En el sabio delito.

Eso que nos otorgan los años... que a ciencia cierta no sé qué será, pero parece que a mí me han restado. Con el paso del tiempo si bien uno puede volverse mayor; con el paso del tiempo si mal, uno aprende nada.

Paradógicamente crecer me ha vuelto más pequeña. Cuatro meses antes de los diecinueve me escribí algo que cuatro años después, sentiría que me abofeteaba con razones y no pretextos. La realidad de aquel entonces ha perdido nitidez, se me han desdibujado los contornos de aquel yo más sensato que el que me he vuelto ahora.

Hurgando en el ayer, me encontré esto, que si yo pudiera corresponderle, le escribiría a mi yo del pasado como aquella me escribió a mí hoy, por lo menos en telegrama y solo le diría: naufragamos.


El mundo, día de un año.
 (20 de enero de 2009)


Es difícil acostumbrarse a ideas, a los hechos y a los acontecimientos, más aún, saber que es lo correcto y que no. Uno de repente, en la búsqueda de los actos precisos hasta llega a perder la noción de la realidad (o realidades, según el cristal con que se vea). Cuando no sé si estoy en lo correcto o que todo sigue igual me autoconvenzo de que lo estoy y todo es exactamente una conservación de los momentos (sí, suena a egocentrismo puro y a un acto burdo de egoísmo, además de hiperimbécil pero algo te da).
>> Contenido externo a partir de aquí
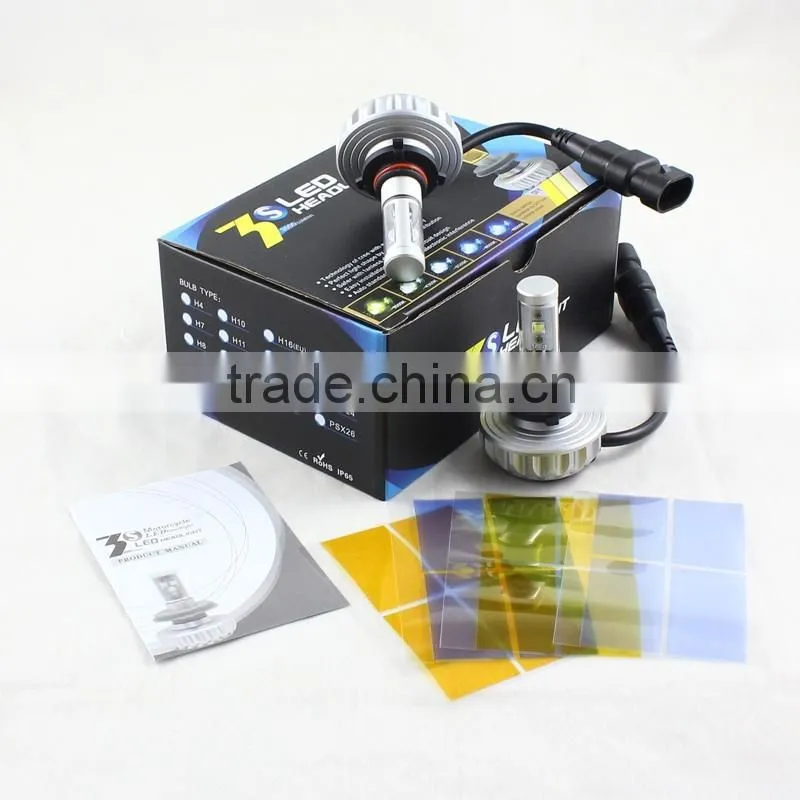 LED car headlight 66W C ree 6000 Lumen 9005 led headlights car 9005 hb3 LED car headlight headlamp bulbs DRL fog lamp 12v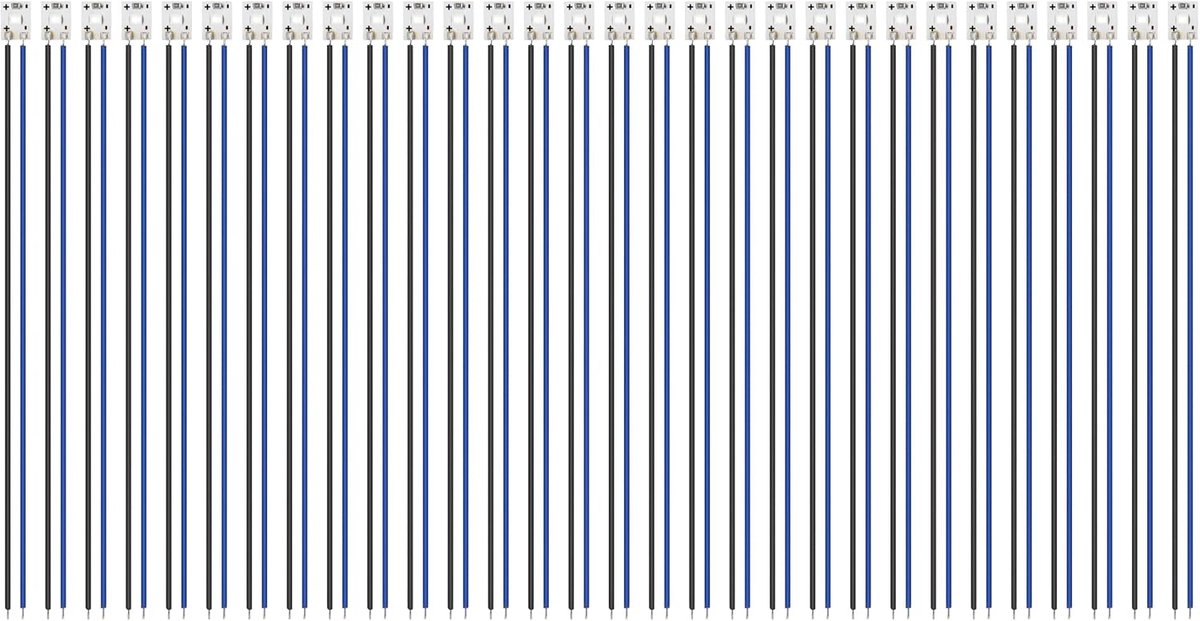 LED strip 30 stuks 8 mm - 2835 model - blauw - eenvoudig te installeren - ShopVlot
Además de acostumbrarse, es difícil dejar de vivir en recuerdos, olvidar huellas pasadas para concentrarnos en las puras futuras. No es fácil dejar de voltear atrás y mostrar una sonrisa placentera que lo vivido lo vivimos y bien; dejar de pensar qué ocurriría si nos remontáramos a tiempos añejos, ¿cómo lo viviríamos? más aún, ¿cómo nos aferraríamos a ello? Es más complicado todavía, si el pasado es lo único que tenemos en común con quien queremos, si lo de ayer resulta ser un momento de hoy para nosotros.

No es fácil salir de la caja y respirar aires nuevos. A veces, me ocurre que es tal mi aferramiento por remembrar, que recuerdo los mismos olores, veo los mismos colores, siento las mismas texturas y me aferro a ellos para no olvidarlos jamás.

Sucede que a veces los tenemos que dejar ir, o por simple error (un error muy intencional) se nos escapan por las ventanas sin darnos cuenta. Aunque en verdad, sin asustarnos, resulta ser sano y hasta vital para la preservación de nuestra cordura y la situación de la realidad.

No tengamos miedo a las palabras: no matemos recuerdos, hay que dejarlos escapar o de vez en cuando llevarlos a pasear.

Bien lo decía Neruda: Nosotros, los de entonces, ya no somos los mismos (o ¿si?).